Meer genieten van betere wijn met wijnschrijver Bruno Vanspauwen

Uit het archief van de wijnschrijver

gerijpte artikels, columns, verhalen, reportages

Kaap De Goede Wijn

De Kaapregio in Zuid-Afrika kent een lange wijntraditie. Toch is het maar sinds de afschaffing van de apartheid dat de wijnbouw er een hoge vlucht nam. Door de opheffing van de exportsancties ging de internationale markt immers open. En om de concurrentie aan te kunnen, was Zuid-Afrika wel verplicht om de kwaliteit van haar wijnen drastisch te verhogen.

"De wijnstok is een mediterrane plant, en houdt dus van een mediterraan klimaat."

Met die eenvoudige stelling maakt wijnmaker Jan ' Boland' Coetzee van domein Vriesenhof meteen duidelijk waarom de Kaapregio in Zuid-Afrika zo geschikt is voor wijnbouw. Vroeger was hij een bekend rugbyspeler, en dat kan hij niet verbergen. Hij gooit me op de achterbank van een jeep, en begint aan een helse tocht die me genadeloos dooreenschudt. "We willen het de journalisten niet te comfortabel maken", roept hij boven het gehuil van de motor uit, "Anders komen ze terug."
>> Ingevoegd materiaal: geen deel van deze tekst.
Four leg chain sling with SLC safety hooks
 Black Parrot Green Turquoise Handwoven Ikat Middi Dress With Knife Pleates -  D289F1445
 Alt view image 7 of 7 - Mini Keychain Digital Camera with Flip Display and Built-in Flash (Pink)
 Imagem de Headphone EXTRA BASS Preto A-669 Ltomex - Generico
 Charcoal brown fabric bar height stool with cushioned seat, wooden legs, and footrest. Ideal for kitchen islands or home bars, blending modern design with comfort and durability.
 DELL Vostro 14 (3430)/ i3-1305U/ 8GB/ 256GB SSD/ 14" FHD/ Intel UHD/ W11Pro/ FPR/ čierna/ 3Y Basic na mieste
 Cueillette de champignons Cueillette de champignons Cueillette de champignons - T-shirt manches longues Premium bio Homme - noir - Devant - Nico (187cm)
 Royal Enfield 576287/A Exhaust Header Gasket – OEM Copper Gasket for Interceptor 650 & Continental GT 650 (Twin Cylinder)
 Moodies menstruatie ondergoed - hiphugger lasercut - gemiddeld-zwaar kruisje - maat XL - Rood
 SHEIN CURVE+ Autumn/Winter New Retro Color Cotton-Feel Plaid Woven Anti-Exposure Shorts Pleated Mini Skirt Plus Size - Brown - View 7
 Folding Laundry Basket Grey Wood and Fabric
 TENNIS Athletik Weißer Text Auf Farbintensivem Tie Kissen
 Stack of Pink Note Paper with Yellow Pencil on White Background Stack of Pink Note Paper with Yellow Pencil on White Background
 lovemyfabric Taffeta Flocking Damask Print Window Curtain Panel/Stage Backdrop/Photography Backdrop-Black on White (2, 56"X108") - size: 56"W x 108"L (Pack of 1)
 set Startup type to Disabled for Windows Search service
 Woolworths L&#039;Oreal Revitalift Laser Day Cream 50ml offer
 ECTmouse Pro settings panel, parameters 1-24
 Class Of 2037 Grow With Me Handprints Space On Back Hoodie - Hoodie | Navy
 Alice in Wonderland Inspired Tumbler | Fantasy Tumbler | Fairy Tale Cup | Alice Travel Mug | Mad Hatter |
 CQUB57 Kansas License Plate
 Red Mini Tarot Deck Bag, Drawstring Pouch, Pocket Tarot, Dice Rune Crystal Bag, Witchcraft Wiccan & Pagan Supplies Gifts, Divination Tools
Totaal geklutst kom ik aan op de top van een heuvel. Het betoverende uitzicht doet me meteen de dodenrit vergeten. "Alleen als je dit gezien hebt, begrijp je de Kaap", zegt Coetzee. Ik zie de Atlantische Oceaan in het westen en de Indische in het oosten. En uit die twee oceanen rijst als het ware de Kaapregio op, mooi glooiend tussen beschermende hellingen waarop de wijnstokken aangeplant werden. Ik voel heel duidelijk de zeewind, die in de soms hete zomers voor de nodige verkoeling in de wijngaarden zorgt. Coetzee houdt er nog altijd van om hier naar te kijken. "Dit is waarom ik mij geen Nederlander voel, maar een blanke Afrikaan", zegt hij.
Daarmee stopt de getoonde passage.